November 21 2011
The government has entered into several production sharing agreements with different contractors pursuant to the Petroleum Act. Each contractor is authorised to conduct petroleum explorations as defined by the act, within a designated area defined by the relevant agreement. While, according to Section 3 of the act, "the entire property in and control over all petroleum and accompanying substances, in whatever physical state located on or under the territory of Belize…are vested exclusively in the Government of Belize", and while the government may by contract "provide for a contractor to acquire property in, title to or control over any petroleum within Belize", the owner of the land which is the subject of an agreement retains certain rights in relation to the conduct of petroleum operations on and under such land.
Section 26(1)(b) of the act provides that a contractor shall not exercise any of its rights under a petroleum contract except with the written consent of the owner or lawful occupier of the land (except in the case of land set apart for a public purpose; land dedicated as a place of burial or which has religious significance; and other land already subject to some public use where the consent of a local authority may be required). Section 26(2) of the act specifically provides that any consent may be subject to such conditions as specified in the instrument of consent.
Where consent is withheld by a landowner, the minister must consider both the owner and the contractor's reasoning, and if he or she is satisfied that consent has been unreasonably withheld, he or she may instruct the owner to allow petroleum operations to continue on such terms as he or she determines. Therefore, where a landowner and a contractor can agree terms, there is no need for government intervention.
The contractor is given authority by the act to erect buildings, machinery or plants, acquire easements and rights of way, use water, construct bridges, roads and facilities as is necessary to enable it to conduct petroleum operations, but the right to carry out such activities must be exercised reasonably so as not to affect adversely the interests of any owner or lawful occupier and only to the extent necessary for the operations. Such rights terminate when the contract to which they relate expires or is terminated.

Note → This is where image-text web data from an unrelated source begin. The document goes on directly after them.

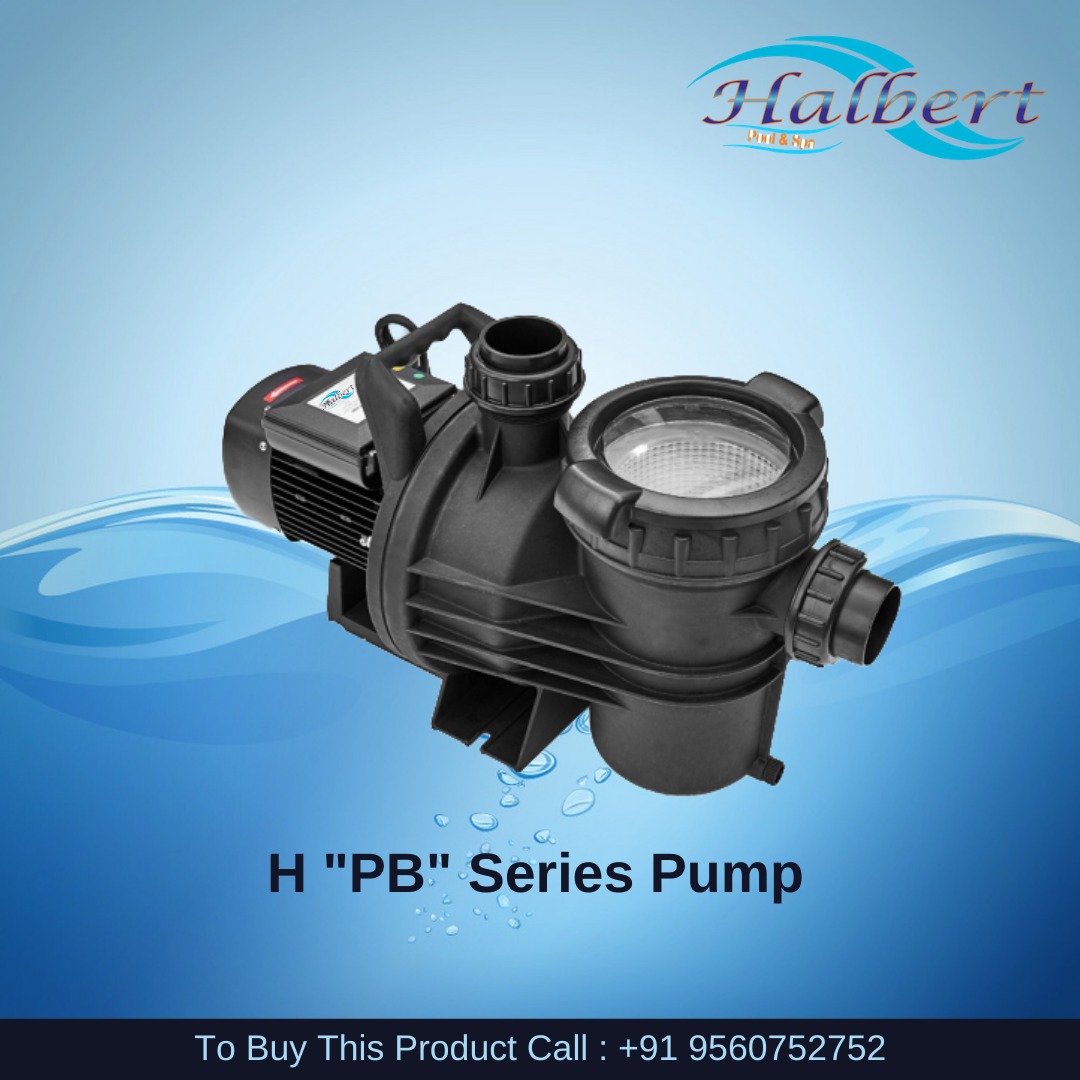 H-PB Series Pump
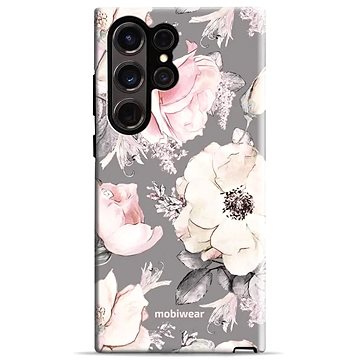 

Mobiwear Elite Pro - Samsung Galaxy S23 Ultra - EX06E - odolný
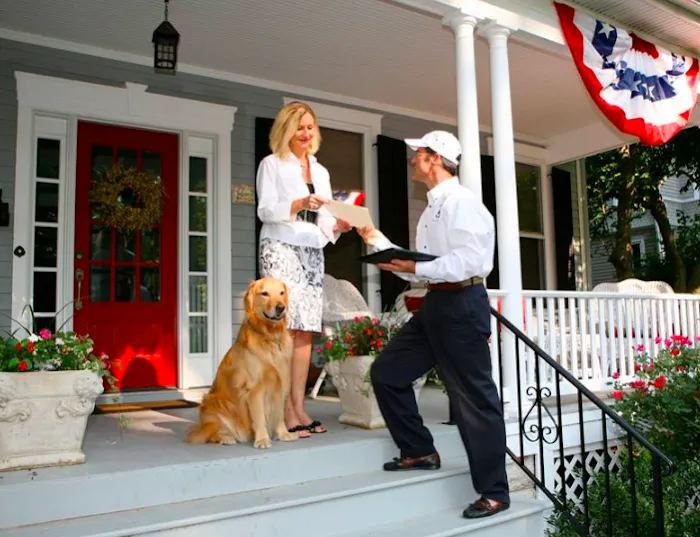 Northeast Pest and Wildlife Control, Inc. Picture 5
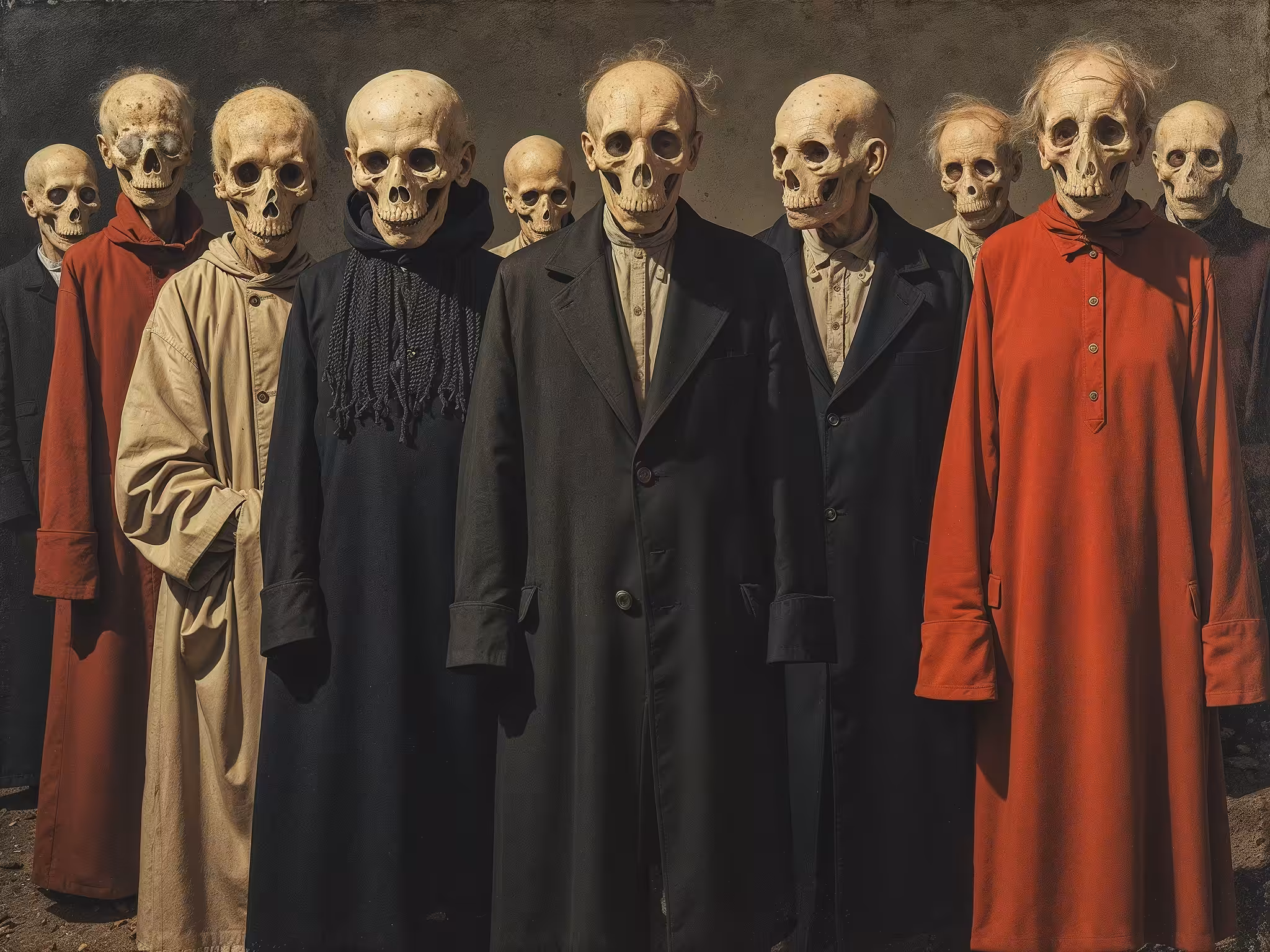 "visual mind f*ck": "silent sovereigns"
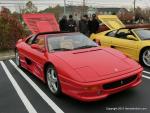 Bergen County Cars and Caffe61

Section 27(6) of the act provides that a contractor is liable to pay the owner or lawful occupier fair and reasonable compensation in respect of any disturbance or damage to crops, trees, buildings, stock, works or other property. Such compensation shall be determined by agreement between the parties, or if they fail to agree, the appropriate sum will be determined in accordance with the provisions of the Arbitration Act. Since the parties are free to determine the conditions subject to which the landowner's consent is given, it is left to them to agree beforehand on a figure which they estimate is sufficient to compensate the owner. It is important that the freedom of contract between the owner and the contractor in these matters is not restricted in any way. There have been some instances where the Department of Geology and Petroleum has insisted on approving the terms of the agreement between owner and contractor before entry into such an agreement; this is not prescribed for in the act .
Finally, according to Section 31(4) of the act, the owner of private land beneath which petroleum is found is entitled to receive 5% of the royalties that the government collects.